Abstract

Direct Electrical Heating (DEH) of flowlines is a flow assurance technology that enables development of fields with heavy oil and fields in arctic regions, fields with long subsea tiebacks, and marginally profitable offshore fields. By allowing for operation in conditions outside of the hydrate region and/or above the wax appearance temperature, DEH opens up areas of development not otherwise considered viable by production companies and can significantly reduce CAPEX and OPEX for already-viable fields.

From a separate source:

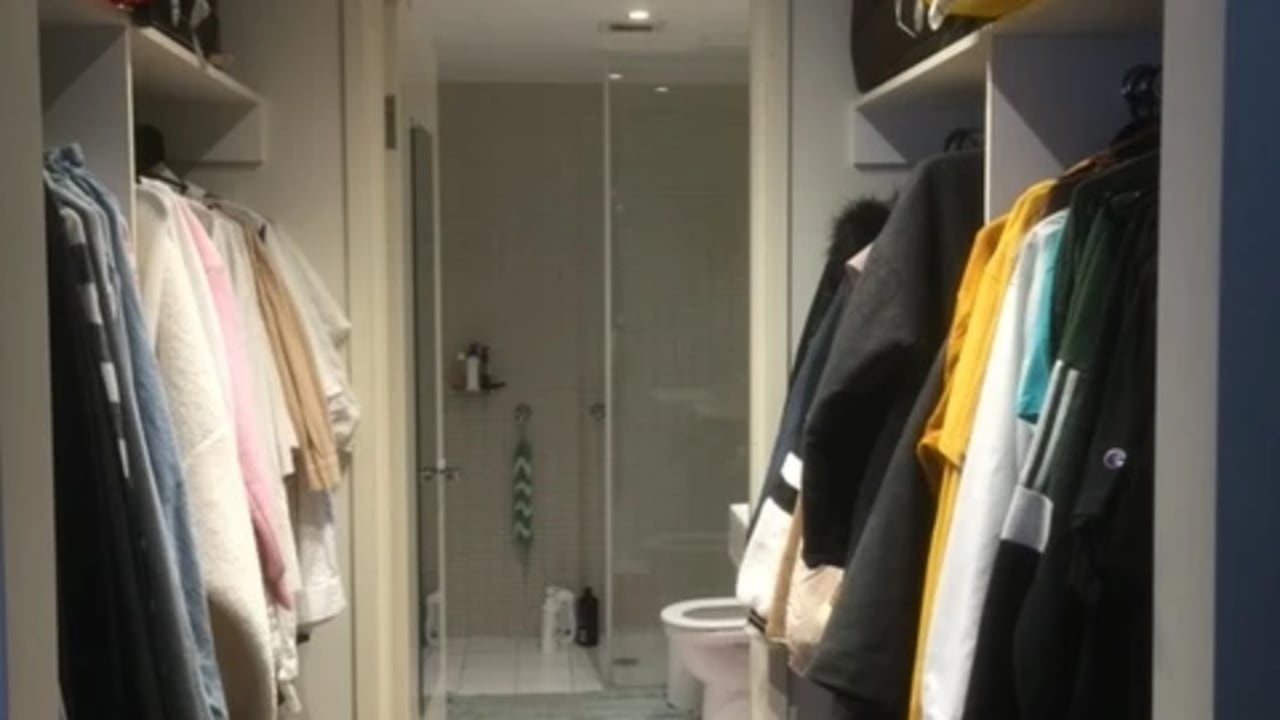 Furnished room with ensuite in a flatshare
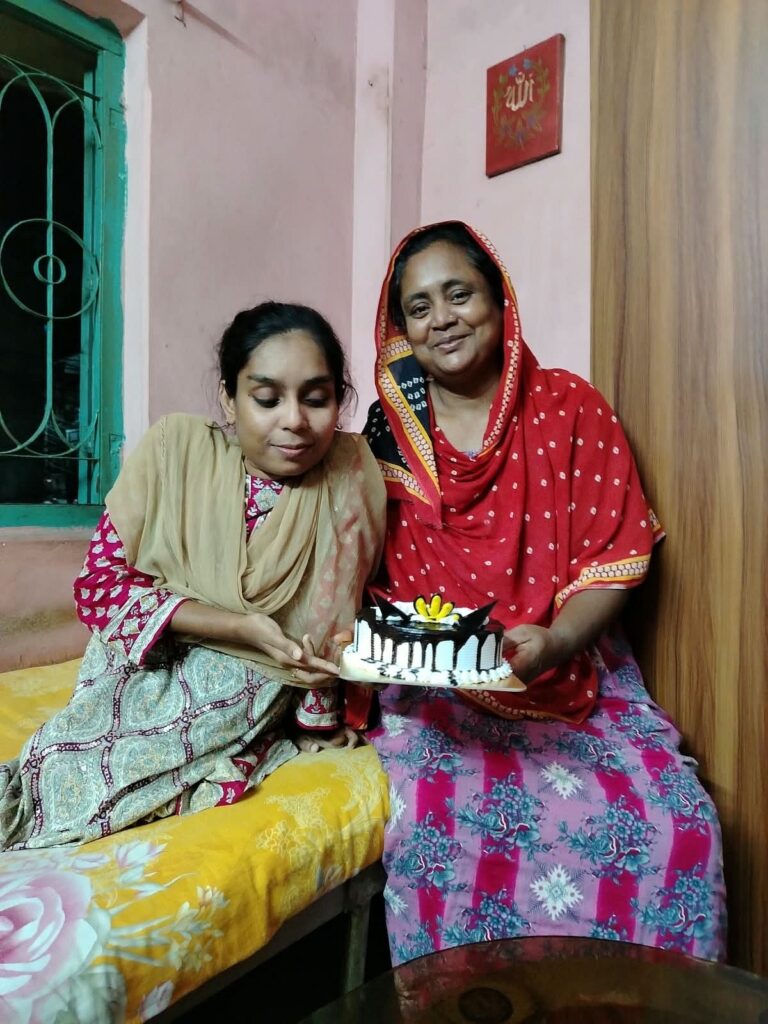 মায়ের হাত ধরে স্নাতকোত্তর জয় করলেন শারীরিক প্রতিবন্ধী রাজিয়া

This paper provides an explanation of Electric Flowline Heating (EFH), both Direct and Indirect Electrical Heating, including how the technology works, the different types of systems, and the modes of operation. A listing of currently installed systems is also provided. A case study is used to illustrate the purpose and benefits of DEH, including improving the flow of heavy oil, prevention and remediation of hydrates and paraffins, extended shutdowns without the use of chemical injection or hot oil circulation, elimination of infrastructure for such chemical injection and hot oil circulation, reduction in associated CAPEX and OPEX, handling of high water-cut during tail end production periods, and third-party tie-ins with poorly-defined composition.

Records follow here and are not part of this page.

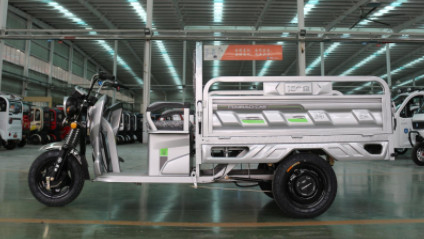 60V / 72V 1500W Electric Tricycle For Passenger 50 - 70km Range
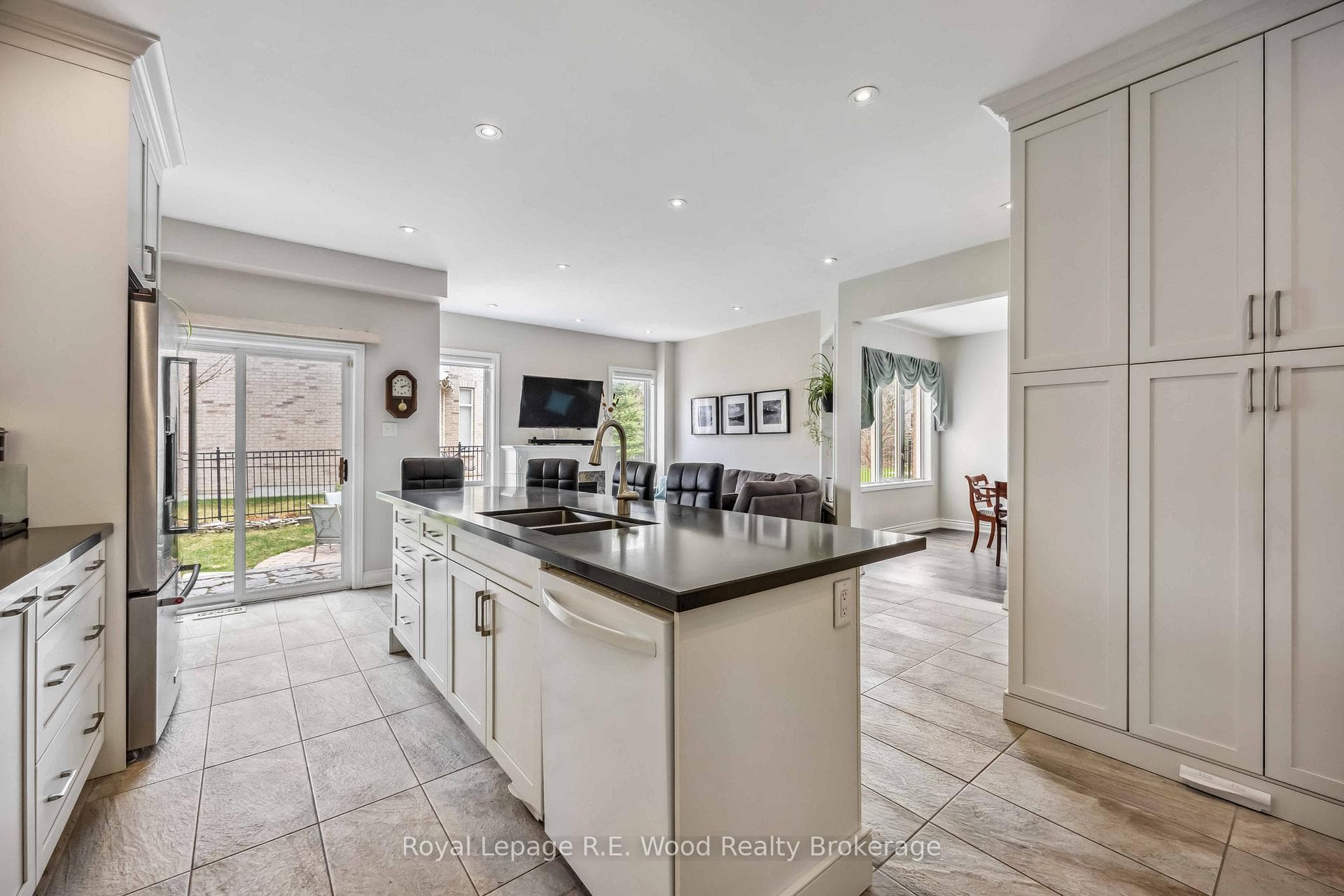3 Lorwood Court photo 10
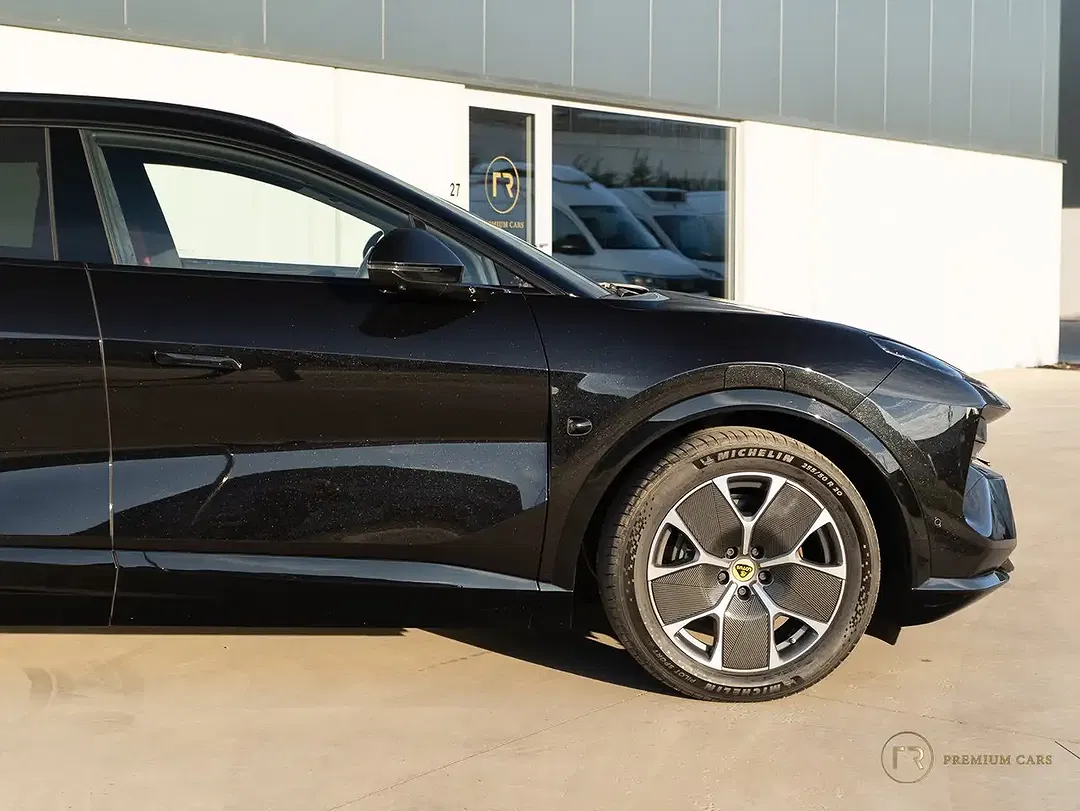 Lotus Eletre Active - Thumbnail 12
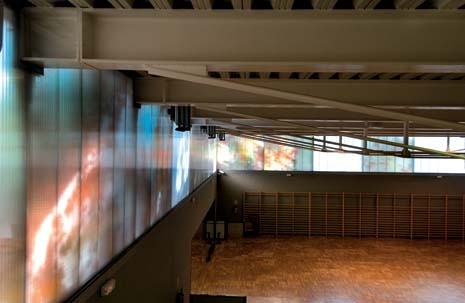 In the basement floor, the gymnasium receives light from the upper
translucent fascia, which also lets in shadows of the vegetation outside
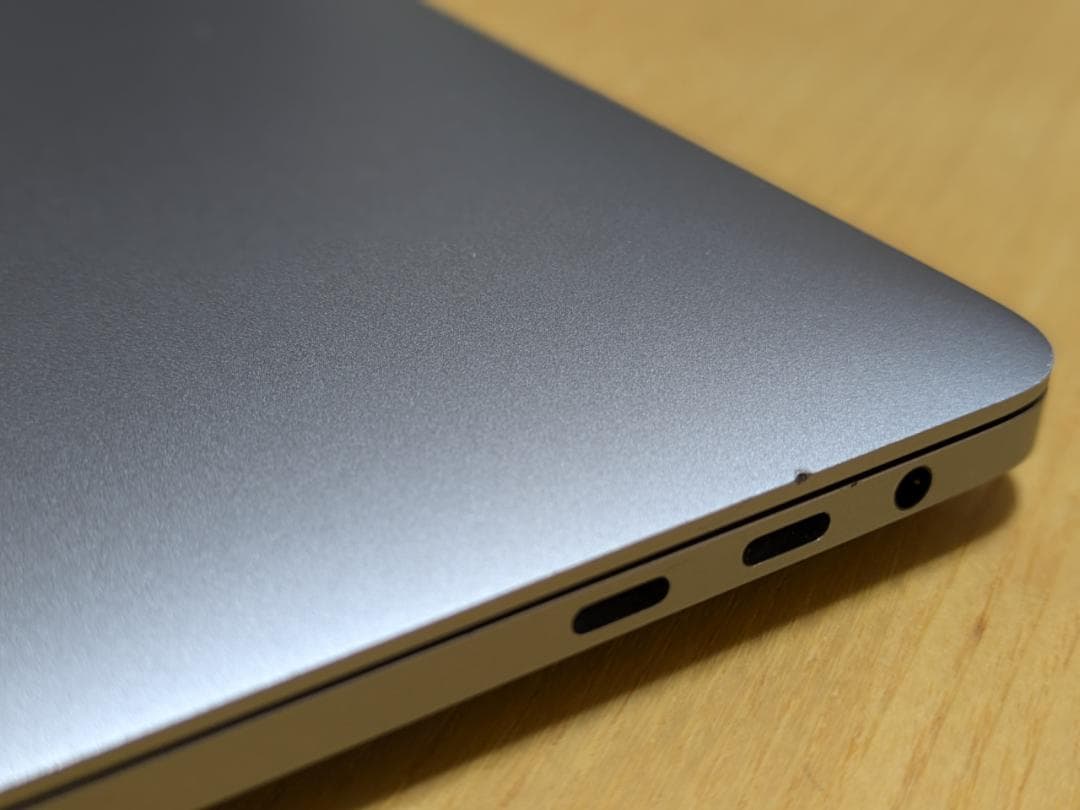 MacBook Pro 2020 13インチ Core i7 16GB 1TB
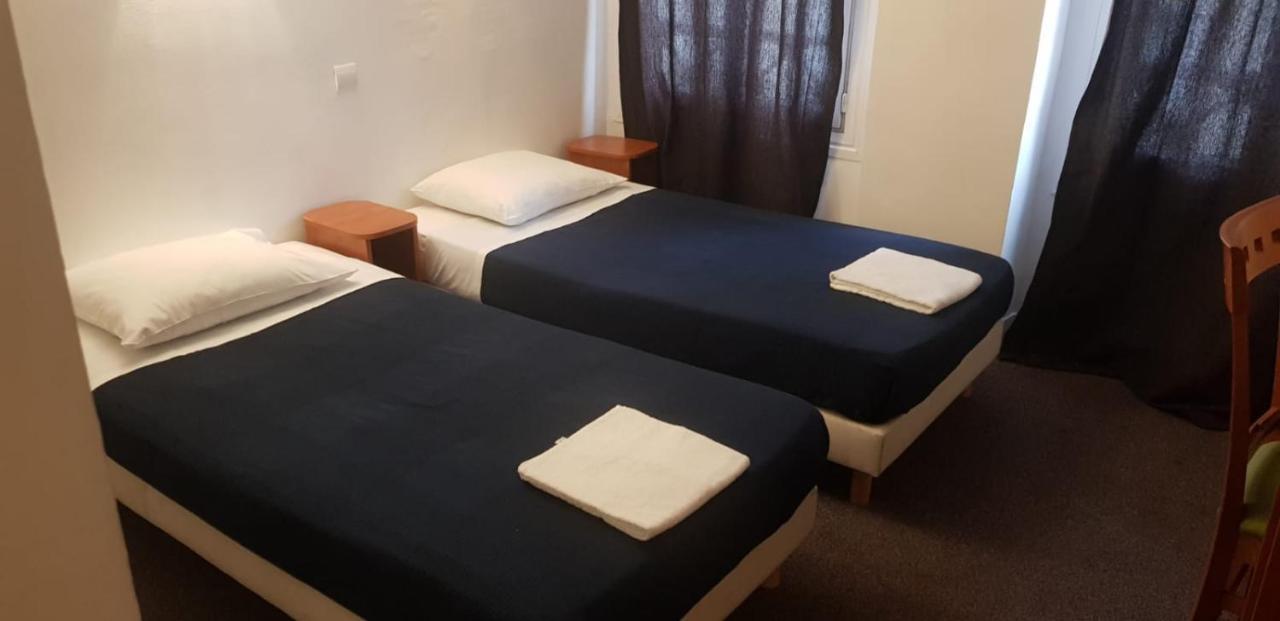 Hotel Petit Bastille Aulnay-sous-Bois Eksteriør bilde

Finally, considerations for expanding the applications of DEH are discussed. As interest in and usefulness of Direct Electrical Heating grows, the applications considered for DEH as a flow assurance solution become more challenging, such as whether DEH can be used for hydrate plug remediation, whether it can be used in continuous flowing conditions, and maximizing the length of a heated segment. All of these are questions and opportunities that are being addressed as the technology evolves.

Introduction

The potential for hydrate and/or wax formation is often a limiting factor in development of deepwater and ultra-deepwater, heavy-oil, and arctic fields. Many " marginally profitable?? oil and gas fields become economically viable only if the costs of a local host can be avoided. So tie-back lengths are on the rise, transporting the production stream greater distances from the subsea field to an existing near-by host or to a new host shared by a number of reservoirs spread over a large area. These greater distances result in higher temperature drops along the length of the flowline, resulting in a topsides arrival temperature relatively cool as compared to the reservoir and wellhead temperatures. Similarly, in deepwater and arctic developments, the heat lost from the production flow to the cold seawater causes a very low arrival temperature even in shorter flowline lengths.

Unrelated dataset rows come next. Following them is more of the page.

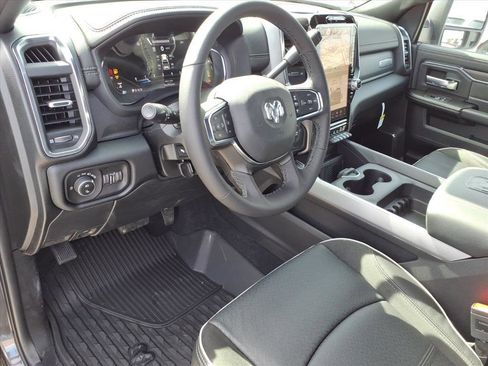 New 2026 RAM 2500 Laramie AWD/4WD image 4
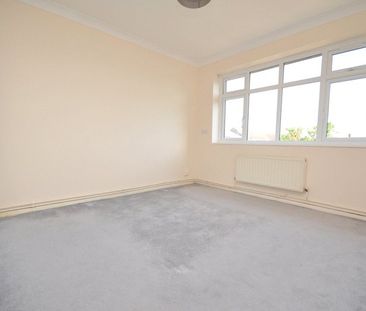 2 bedroom maisonette to rent - Photo 4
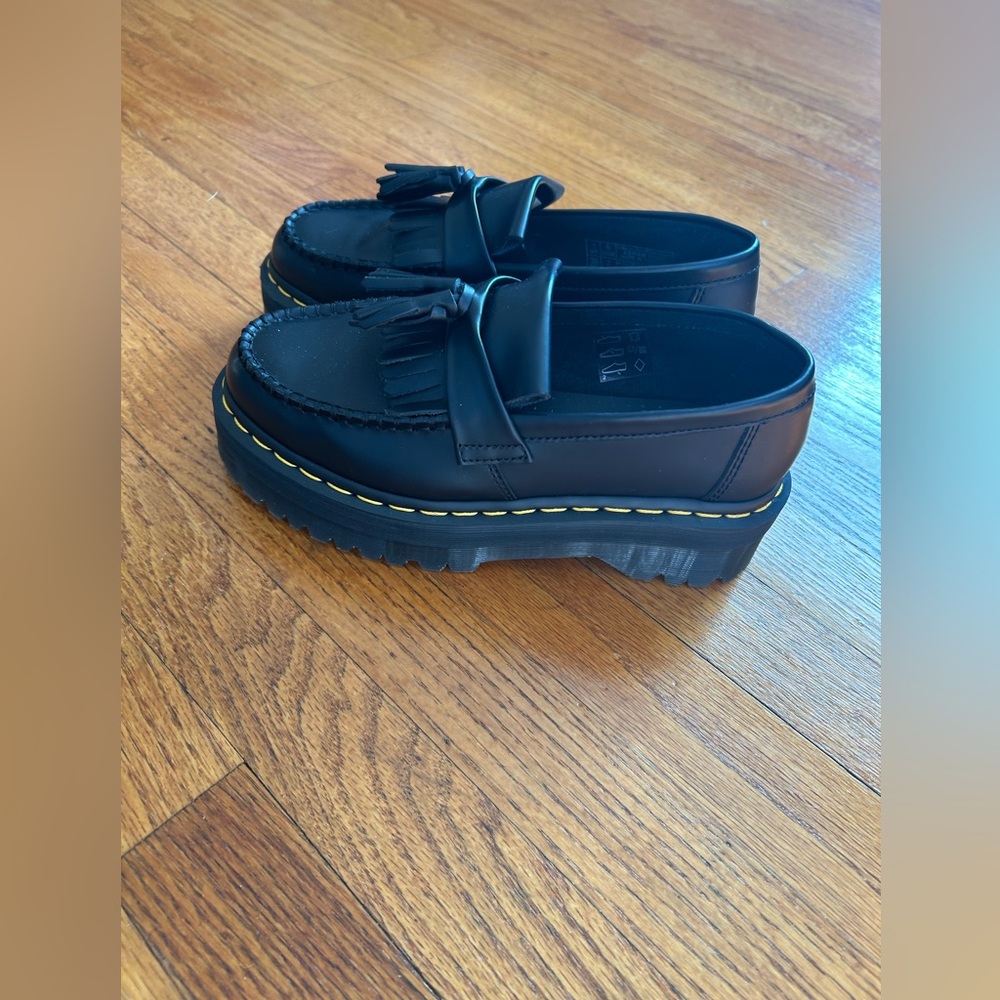 Dr. Martens Black Loafers - Women’s 7 - Picture 2 of 8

Although pure oil or pure gas flows would be less challenging to manage, the reality is that most reservoirs produce a multi-phase product (a combination of oil, gas, and water). At the low temperatures of deep and arctic waters, and over the long tie-back lengths of marginal fields, as the temperature of the production flow drops, the gas and water form hydrate crystals, similar to ice flakes. For reservoirs with heavy oil, the temperature of the product along the flowline and riser must also be maintained to ensure suitable flow. Wax content in the production fluid can also cause flow assurance concerns, and in this case, the temperature in the production flow must be maintained above the wax appearance temperature to avoid wax deposits coating the flowline walls and eventually restricting flow.